Tout le monde y a cru. C’était ce samedi, lors d’une conférence de presse, que Navin Ramgoolam aurait dû rendre public le White Paper sur la réforme électorale. L’opposition s’était mise en ordre de bataille pour décortiquer et critiquer ce document, préparé par une équipe composée de Mauriciens et d’experts étrangers et promis à la nation par le Premier ministre depuis plus d’un an.

Le MSM, qui avait décalé sa conférence de presse de samedi 11h à ce jeudi à la même heure, s’est ainsi vite ravisé. La direction du parti a, en effet, choisi de rencontrer la presse toujours ce samedi, mais à 14h. Sans doute afin d’avoir le temps de faire une première lecture des propositions du White Paper et de formuler une critique. Occasion manquée.

Paul Bérenger est, lui, moins pressé par le temps, étant pris par l’assemblée des délégués du MMM d’aujourd’hui et sans doute encore tout joyeux après un heureux événement dans le clan Bérenger, survenu hier.
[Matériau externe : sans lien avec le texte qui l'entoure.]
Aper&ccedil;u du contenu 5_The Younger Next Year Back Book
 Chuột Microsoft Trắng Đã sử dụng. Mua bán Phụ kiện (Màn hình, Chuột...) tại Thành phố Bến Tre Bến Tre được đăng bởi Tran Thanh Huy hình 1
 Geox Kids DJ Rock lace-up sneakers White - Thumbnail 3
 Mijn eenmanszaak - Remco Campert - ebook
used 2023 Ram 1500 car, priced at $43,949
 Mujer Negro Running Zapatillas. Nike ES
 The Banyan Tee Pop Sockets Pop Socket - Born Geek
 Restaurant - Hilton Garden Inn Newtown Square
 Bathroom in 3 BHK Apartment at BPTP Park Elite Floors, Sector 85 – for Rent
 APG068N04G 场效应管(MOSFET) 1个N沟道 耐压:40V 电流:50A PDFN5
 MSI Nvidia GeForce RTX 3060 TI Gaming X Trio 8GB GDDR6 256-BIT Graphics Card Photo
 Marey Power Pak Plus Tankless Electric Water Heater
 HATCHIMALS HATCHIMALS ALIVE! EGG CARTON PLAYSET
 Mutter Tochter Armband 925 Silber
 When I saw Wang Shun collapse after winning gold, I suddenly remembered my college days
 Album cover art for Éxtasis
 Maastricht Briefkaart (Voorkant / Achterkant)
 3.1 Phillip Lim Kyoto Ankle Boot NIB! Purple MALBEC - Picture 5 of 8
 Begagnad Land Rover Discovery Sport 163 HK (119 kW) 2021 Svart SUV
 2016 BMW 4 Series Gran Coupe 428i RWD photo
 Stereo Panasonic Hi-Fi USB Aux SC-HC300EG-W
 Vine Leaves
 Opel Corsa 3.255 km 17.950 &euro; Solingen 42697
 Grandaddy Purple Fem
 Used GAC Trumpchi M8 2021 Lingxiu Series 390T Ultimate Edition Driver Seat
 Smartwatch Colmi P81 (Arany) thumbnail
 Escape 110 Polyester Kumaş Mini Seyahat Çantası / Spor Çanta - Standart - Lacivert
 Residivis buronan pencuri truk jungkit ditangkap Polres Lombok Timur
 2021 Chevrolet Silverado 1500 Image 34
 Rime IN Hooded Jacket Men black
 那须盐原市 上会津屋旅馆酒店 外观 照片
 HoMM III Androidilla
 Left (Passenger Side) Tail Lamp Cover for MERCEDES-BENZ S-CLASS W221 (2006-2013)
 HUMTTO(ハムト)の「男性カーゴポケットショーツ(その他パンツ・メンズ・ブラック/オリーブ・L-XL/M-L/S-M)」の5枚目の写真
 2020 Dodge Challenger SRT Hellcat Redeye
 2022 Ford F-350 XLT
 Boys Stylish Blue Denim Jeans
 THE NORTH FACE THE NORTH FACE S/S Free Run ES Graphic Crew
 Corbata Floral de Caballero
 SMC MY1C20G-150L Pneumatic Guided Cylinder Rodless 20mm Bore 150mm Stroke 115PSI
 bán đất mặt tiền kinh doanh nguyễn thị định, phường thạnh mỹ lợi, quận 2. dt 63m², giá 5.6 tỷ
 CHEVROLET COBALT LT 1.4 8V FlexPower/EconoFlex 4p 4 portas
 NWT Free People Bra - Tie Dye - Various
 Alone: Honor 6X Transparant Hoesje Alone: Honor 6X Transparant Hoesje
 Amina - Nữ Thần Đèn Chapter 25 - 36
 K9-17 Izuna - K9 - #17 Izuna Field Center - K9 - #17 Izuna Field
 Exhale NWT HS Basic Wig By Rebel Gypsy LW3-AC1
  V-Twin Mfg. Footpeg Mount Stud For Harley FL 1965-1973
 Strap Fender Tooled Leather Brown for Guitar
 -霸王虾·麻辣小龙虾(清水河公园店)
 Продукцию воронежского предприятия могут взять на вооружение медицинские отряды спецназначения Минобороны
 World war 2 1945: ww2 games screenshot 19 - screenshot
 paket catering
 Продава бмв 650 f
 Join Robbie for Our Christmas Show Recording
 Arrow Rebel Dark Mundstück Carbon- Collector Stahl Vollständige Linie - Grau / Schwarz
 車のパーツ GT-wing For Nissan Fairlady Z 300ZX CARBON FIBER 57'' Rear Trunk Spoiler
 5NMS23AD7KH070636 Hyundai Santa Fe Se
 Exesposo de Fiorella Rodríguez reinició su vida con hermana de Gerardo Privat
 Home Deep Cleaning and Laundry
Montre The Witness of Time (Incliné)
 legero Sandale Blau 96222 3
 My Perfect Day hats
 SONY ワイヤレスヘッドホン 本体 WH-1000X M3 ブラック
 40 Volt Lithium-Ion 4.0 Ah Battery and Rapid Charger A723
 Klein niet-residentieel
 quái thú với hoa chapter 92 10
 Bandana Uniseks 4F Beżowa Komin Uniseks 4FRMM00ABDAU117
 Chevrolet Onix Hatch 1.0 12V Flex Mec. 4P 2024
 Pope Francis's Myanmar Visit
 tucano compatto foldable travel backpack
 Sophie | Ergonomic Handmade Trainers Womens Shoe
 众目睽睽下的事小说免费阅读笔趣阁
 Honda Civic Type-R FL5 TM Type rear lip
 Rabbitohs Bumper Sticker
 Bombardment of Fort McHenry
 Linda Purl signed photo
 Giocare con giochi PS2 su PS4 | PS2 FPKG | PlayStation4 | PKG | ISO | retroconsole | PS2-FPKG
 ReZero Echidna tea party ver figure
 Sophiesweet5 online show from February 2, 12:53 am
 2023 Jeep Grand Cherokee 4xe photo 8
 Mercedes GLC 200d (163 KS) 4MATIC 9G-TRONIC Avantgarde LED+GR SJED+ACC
Néanmoins, ION News a appris que le leader du MMM s’est vu remettre une « advance copy » du rapport ce mercredi. Chose que nie le chef de  l’opposition. « C’est totalement faux », a-t-il affirmé à ION News ce jeudi matin. Faux, en effet. Pour la simple et bonne raison que le rapport à l’heure actuelle n’est toujours pas finalisé. Ce qui est vrai toutefois, c’est que le leader de l’opposition a été régulièrement briefé par le Premier ministre lui-même sur le contenu du White Paper.

Ce qui n’est pas du tout surprenant. Car quelques proches du Premier ministre lui ont suggéré de ne rendre public le rapport que si lui et Paul Bérenger – les deux leaders susceptibles de rassembler une majorité des trois quarts au Parlement – tombent préalablement d’accord sur les propositions fondamentales contenues dans le rapport. Toutefois, accord ou pas, Ramgoolam devrait rendre le rapport sur la réforme électorale public d’ici mardi.

Jusqu’ici, Paul Bérenger a affirmé que la réforme que Ramgoolam proposera sera un « flop ». Sera-t-il toujours du même avis après avoir consulté la version finale du White Paper ? On le saura avec la première réaction officielle du leader de l’opposition à la suite de la publication du rapport.

Ramgoolam avait affirmé, dans son discours du 12 mars, qu’il rendrait public le White Paper avant la rentrée parlementaire de ce mardi 25 mars. Ce qui ne lui laisse donc que deux jours pour le faire. Ceux qui connaissent le modus operandi de Ramgoolam affirment que deux principales raisons le poussent probablement à retarder, jusqu’au dernier moment, la publication du rapport.

D’une part, le Premier ministre souhaiterait effectuer une manœuvre de diversion afin de focaliser l’attention des médias – et, par conséquent, du public – sur le contenu du rapport au lieu de la rentrée parlementaire qui s’annonce chaude. D’autre part, il se peut que Ramgoolam ait écouté le conseil de ceux lui ayant suggéré de ne publier le rapport qu’après en avoir longuement discuté avec le leader de l’opposition et trouvé un terrain d’entente avec lui.

Reste donc le jour de la publication. Le dimanche 18 décembre 2011, tout le monde avait été pris de court par la conférence de presse impromptue de Guy Carcassonne durant laquelle la proposition de réforme électorale du défunt constitutionnaliste français et de son équipe d’experts internationaux avait été présentée à la presse. Et si le dimanche 23 mars 2014 nous réservait la même surprise ?

[Mise à jour à 15h31. Texte modifié pour signifier que le leader de l’opposition n’a effectivement pas reçu le « White Paper ».]